判例紹介(令和6年7月18日東京地裁)
2024年8月
弁護士 虫本良和
2024年(令和6年)7月18日、東京地方裁判所(民事第37部)は、犯人隠避教唆の被疑事実で逮捕・勾留されていた元弁護士が原告となり、横浜地検特別刑事部の検察官が行った取調べにおける違法性を主張していた国家賠償請求訴訟において、被告(国)に対して、原告に110万円の賠償を命じる判決を言い渡しました。
元弁護士は、取調べに対して、一貫して黙秘権を行使していましたが、取調べ担当検察官が、元弁護士を侮辱するような言動を繰り返しながら、執拗に取調べを継続していたことから、裁判ではこの取調べの違法性が問題となっていました。
判決は、「身体の拘束を受けている被疑者に取調べのために出頭し、滞留する義務があると解することが、直ちに被疑者からその意思に反して供述することを拒否する自由を奪うことを意味するものでないことは明らかである」とする平成11年3月24日最高裁判決を引用し、被疑者が黙秘の意思を表明した後、取調べを継続したこと自体をもって、憲法及び刑訴法が保証する黙秘権を侵害するものということはできないとの判断を示しました。

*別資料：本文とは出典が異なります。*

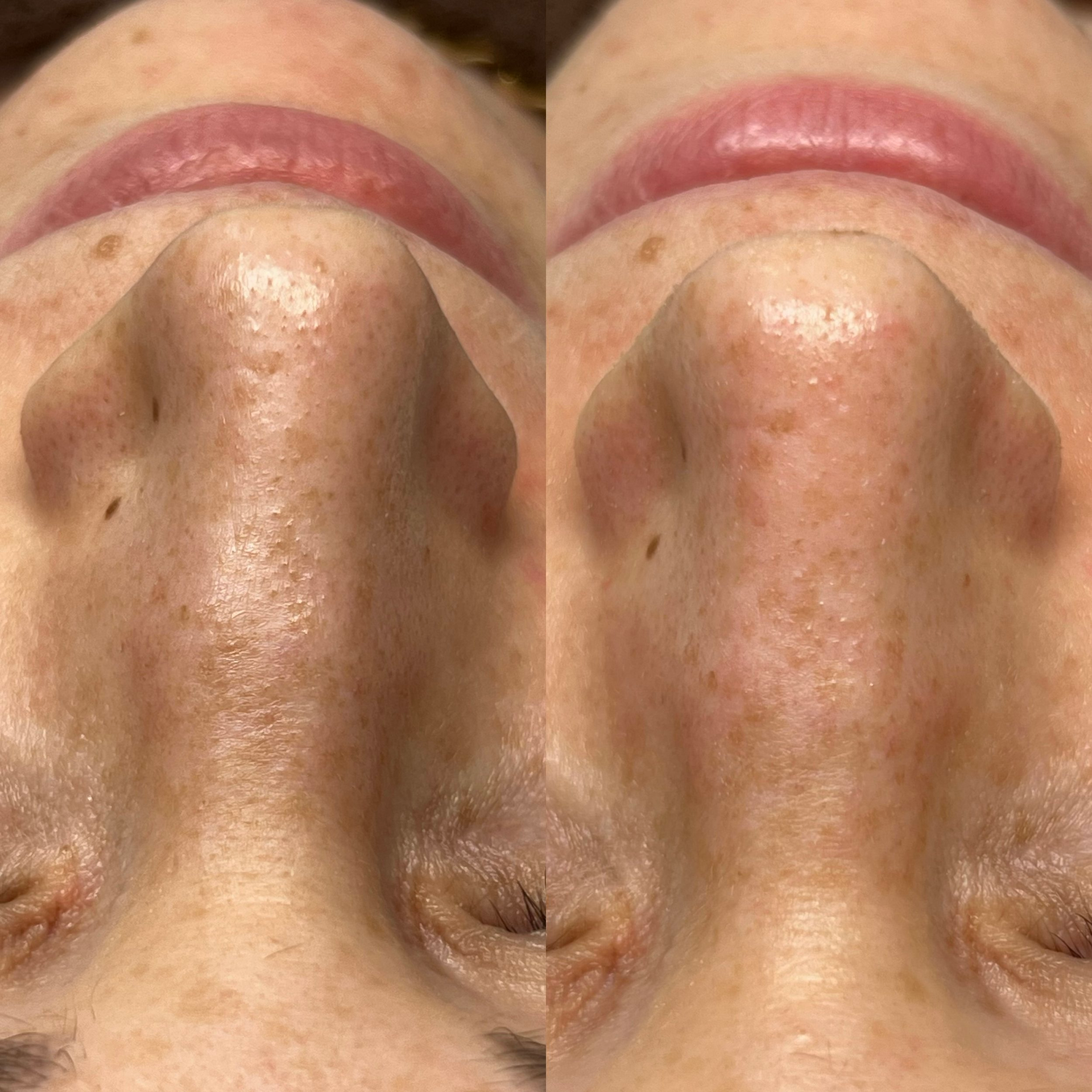 A before and after photo of a woman 's nose.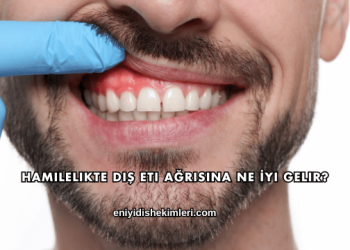 Hamilelikte Diş Eti Ağrısına Ne İyi Gelir?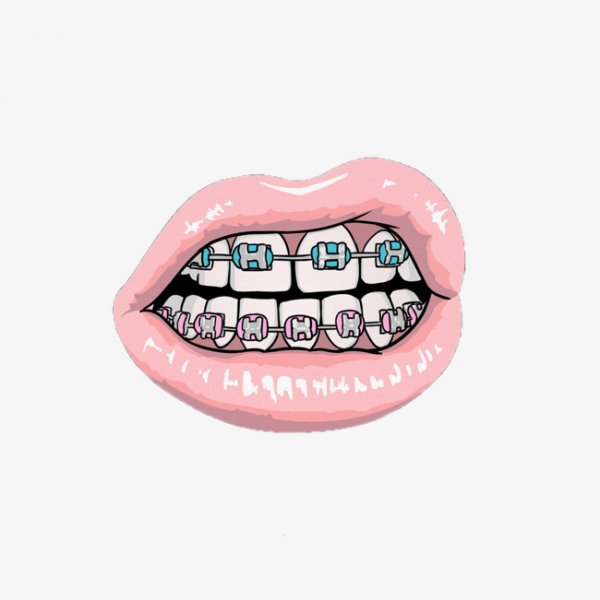 Брекеты нарисованные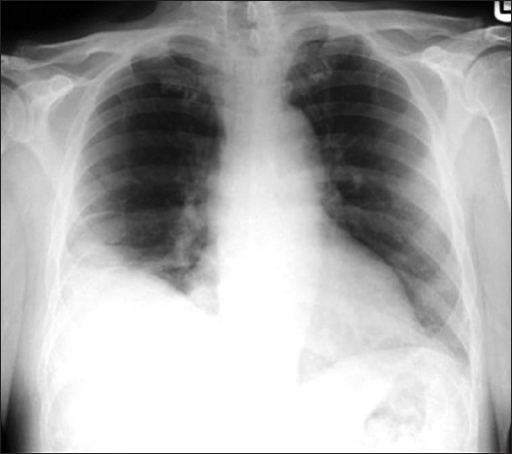 A relatively late sign of pulmonary infarction is a rou | Open-i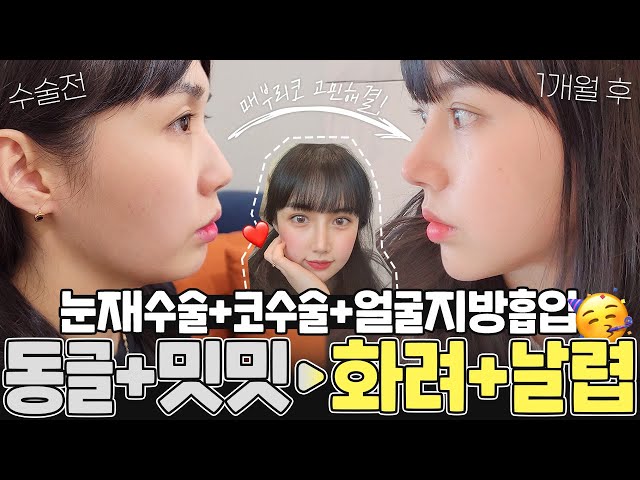 과하지 않은 성형이이란 이런 것?      #메부리코 #눈재수술 #얼굴지방흡입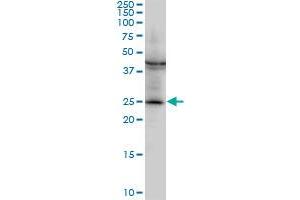 GSTM2 monoclonal antibody (M03), clone 1E10. (GSTM2 anticorps  (AA 90-189))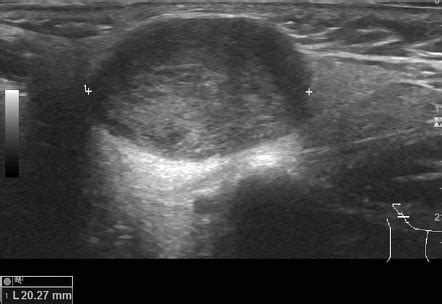 Radiology Quiz 82030 Radiopaedia Org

一方、検察官が、黙秘権を行使する旨を明示した原告に対し、「お子ちゃま」「ガキだよね」「うっとうしいだけ」など、ことさらに侮辱的又は揶揄する表現を用いて繰り返し非難する取調べを行ったことについて、「これを受ける者が反論をせずに看過することが困難な程度の人格的に非難を繰り返すことにより、その者に黙秘を解いて何らかの供述をさせようとしたものと評価せざるを得ず、黙秘権の保障の趣旨にも反するというべきである」とし、検察官の具体的な言動については、「社会通念上相当と認められる範囲を超えて、原告の人格権を侵害するものと言わざるを得ず、国家賠償法1条1項の適用上違法」である旨の判示を行いました。
この判決に対して、原告側は、黙秘権侵害に関する主張が一部認められなかったこと等を理由に控訴しています(被告側は控訴せず。)。